But Riyadh has made no clear effort to enforce the GCC peace initiative, which Arab and Western diplomats say was largely a Saudi proposal from the beginning.
Ghanem Nuseibah, London-based analyst at Political Capital, said the Saudi family’s first preference for Saleh to remain in power had given way to promoting Hamid Al-Ahmar, a 44-year-old businessman close to U.S. officials.
The Saudi ideal is for Saleh’s system of family rule, balancing Saudi-backed tribal forces, to remain intact. This is exactly what the democracy activists who first took to the streets of Sanaa in January want to avoid.
But fighting between tribesmen of Sadeq Al-Ahmar, head of the Hashed tribal confederation, and government forces loyal to Saleh — whose military and security apparatus are headed by his extended family — broke out in May. This confounded Saudi efforts at that stage to engineer cosmetic change.
Now Riyadh is holding on to Saleh while it weighs its options on who can be the most effective strongman among the tribes it funded during Saleh’s 33 years of rule, Nuseibah said.
Nuseibah said even Yemeni tribal figures close to Riyadh have expressed frustration with Saudi inaction.
“They see the way the Saudis have reacted since the beginning,” he said. “First they were pro-Saleh, then they bring Saleh to Riyadh but still letting him be a figurehead for the current regime, though he is not personally ruling.”
HOLDING ON TO ASSAD
Saudi relations with Syria have been strained since the murder in 2005 of former Lebanese prime minister Rafik Hariri, a Saudi citizen and facilitator of Saudi policy in Lebanon where Iran has influence through Shi’ite group Hezbollah.
Riyadh accuses Syrian leader Bashar al-Assad of helping Iran in a policy of extending its influence in Arab countries, primarily through its alliance with Lebanon’s Hezbollah.
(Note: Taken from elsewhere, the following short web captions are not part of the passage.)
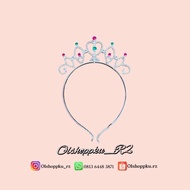 Women's FASHION PLASTIC CROWN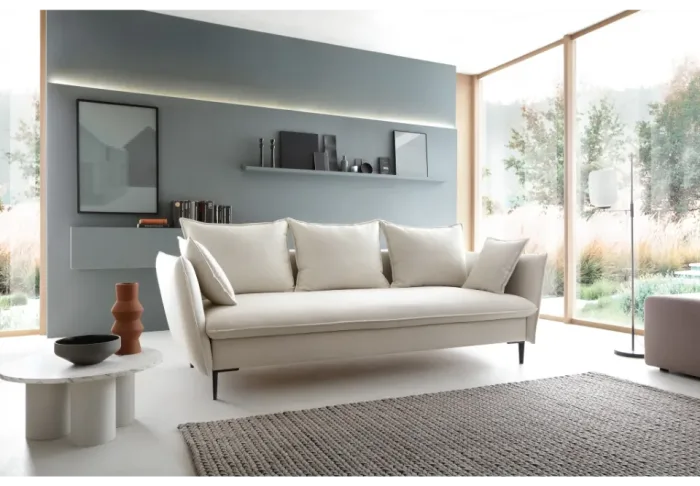 GLOSSY sofa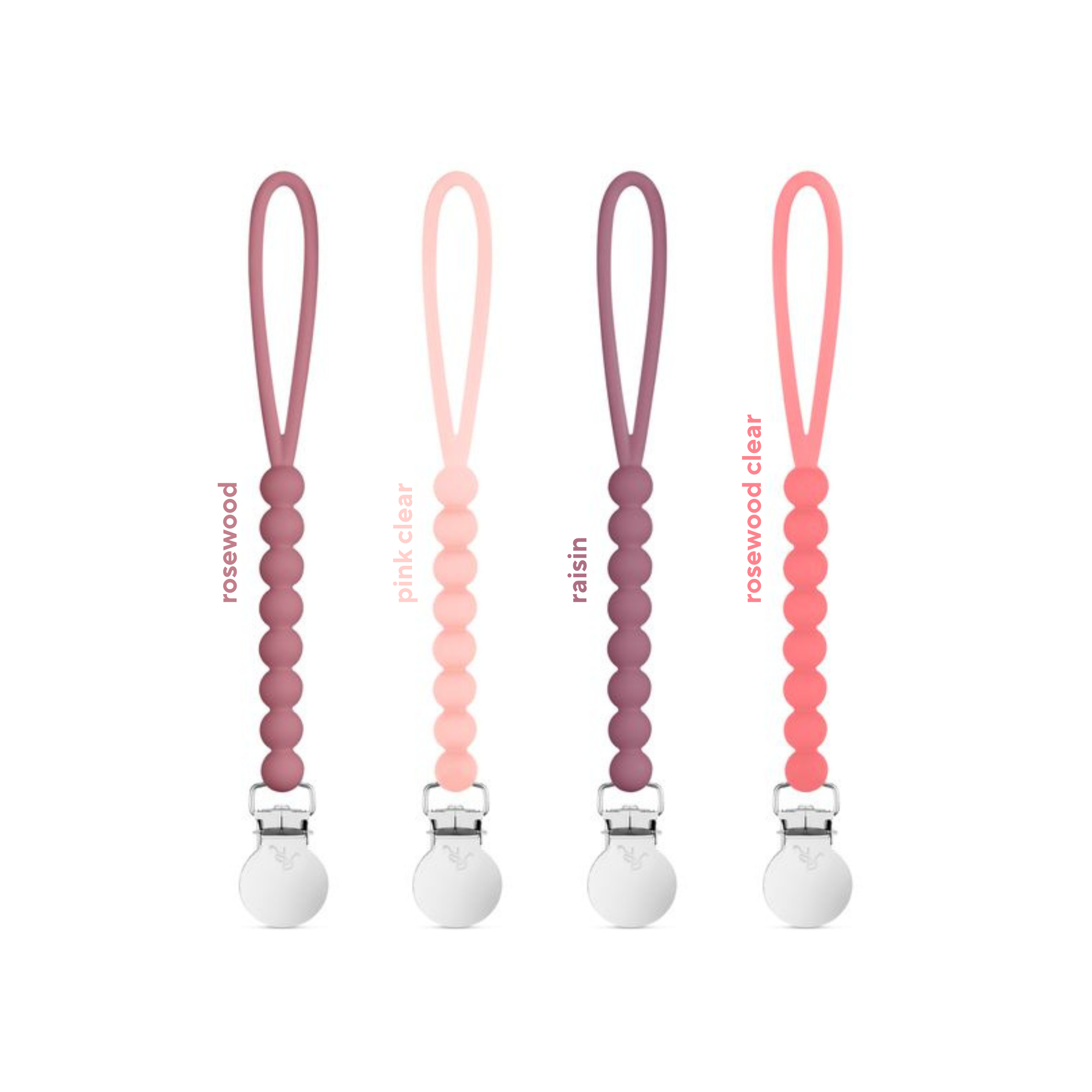 Judy 4 Pack Cutie Clips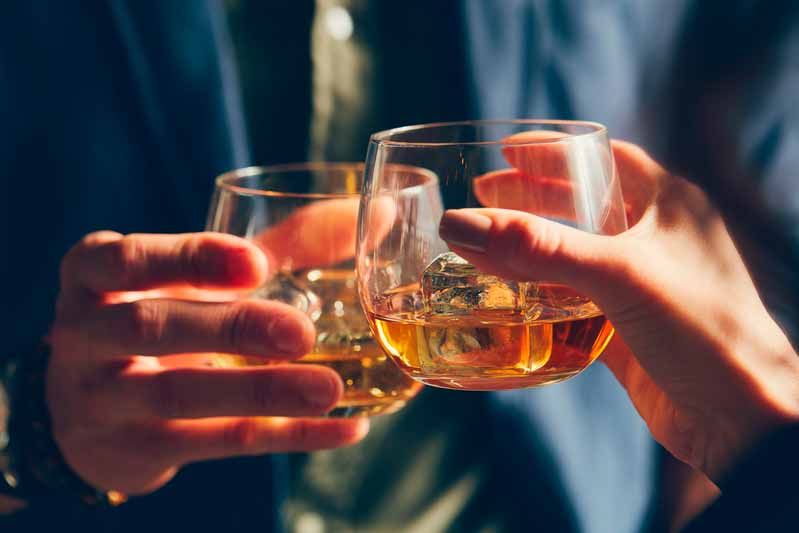 Whisky bourbon al por mayor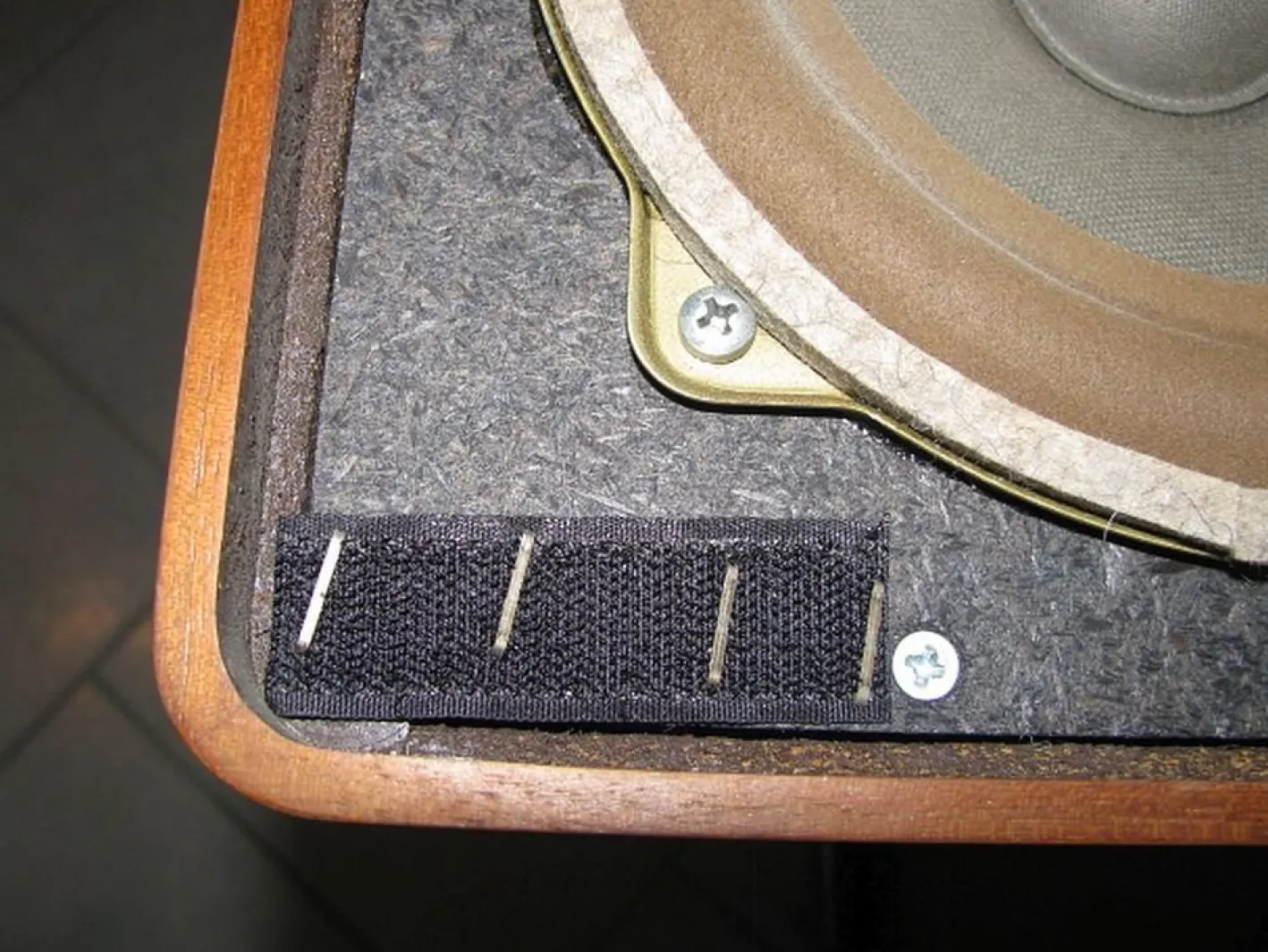 Deutsche Vintage Lautsprecher von ITT, 1970er, 2er Set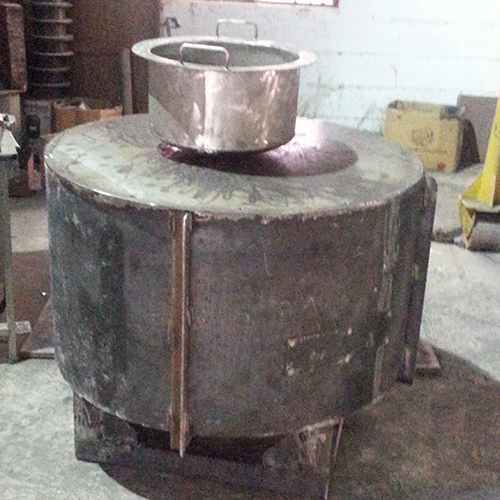 Pit Type Furnace Application: Industrial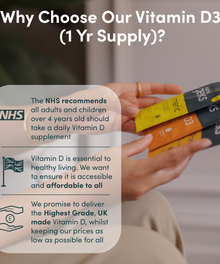 Vitamin D 1000iu Optimum Strength Purespacezz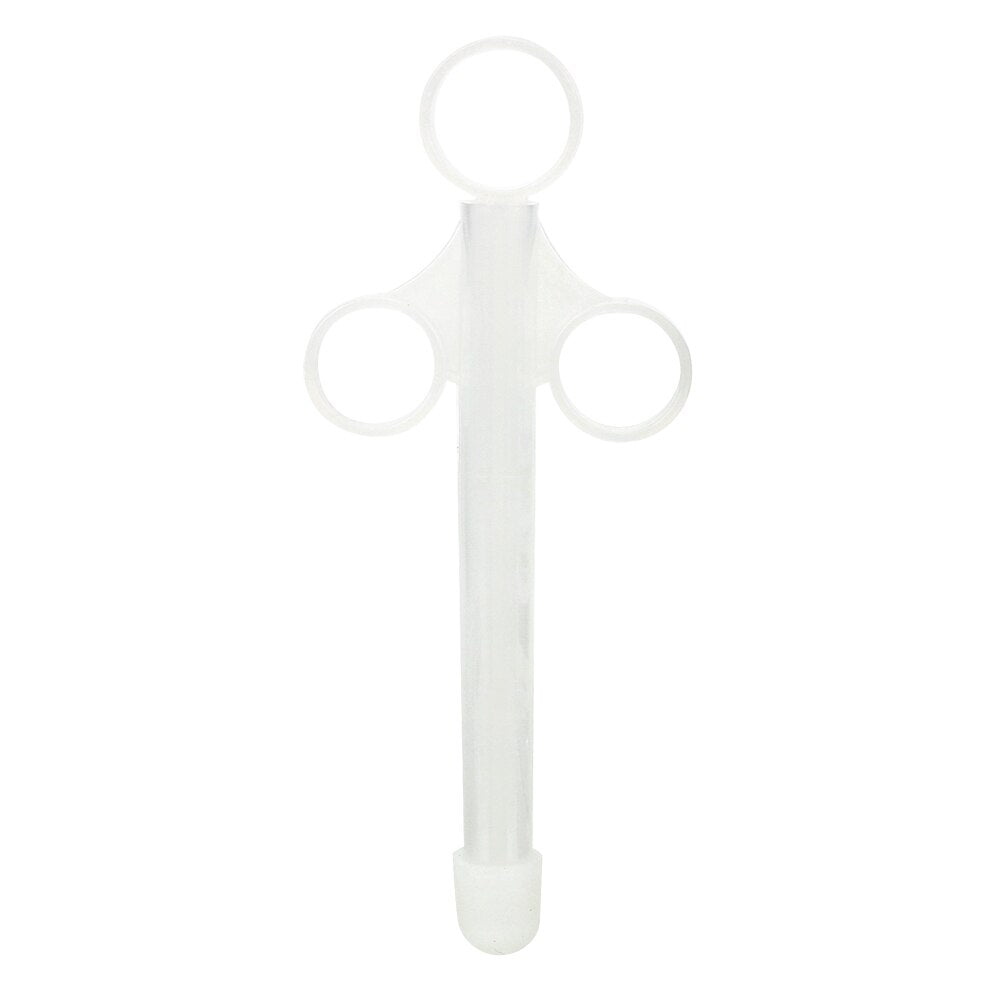 Portable Lube Launcher Lubricant Applicator Enema Inject Oil Feminine Hygiene Product Anal Vagina Clean Tools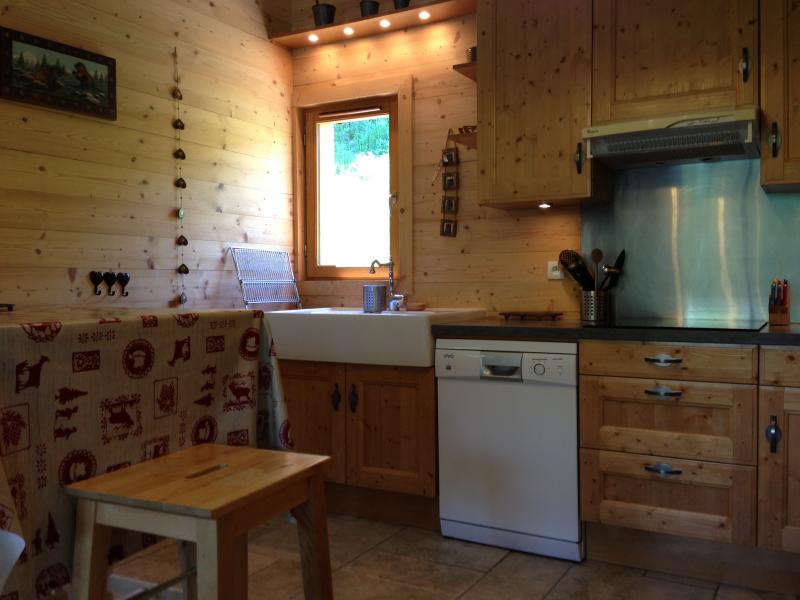 foto 5 Affitto tra privati La Norma chalet Rodano Alpi Savoia Cucina all'americana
But while Al Jazeera and Saudi mouthpiece Al Arabiya TV have focussed heavily on Damascus’s attempt to crush protests, there have been no diplomatic initiatives to resolve the conflict, as France, Turkey and the United States have dominated international reaction to the turmoil in Syria.
Some Saudis say this is not because the ruling clique — King Abdullah, Nayef, Sultan and a few other senior princes — do no want to see Assad removed from power.
“With Libya and Syria, I’m sure the government would like to see those leaders fall, but in their own time, without getting involved,” the Saudi commentator who requested anonymity said.
“Naturally Saudi Arabia, being a kingdom, sees any sudden change in power that’s now happening in the Middle East as a threat that might be contagious at some point,” he added.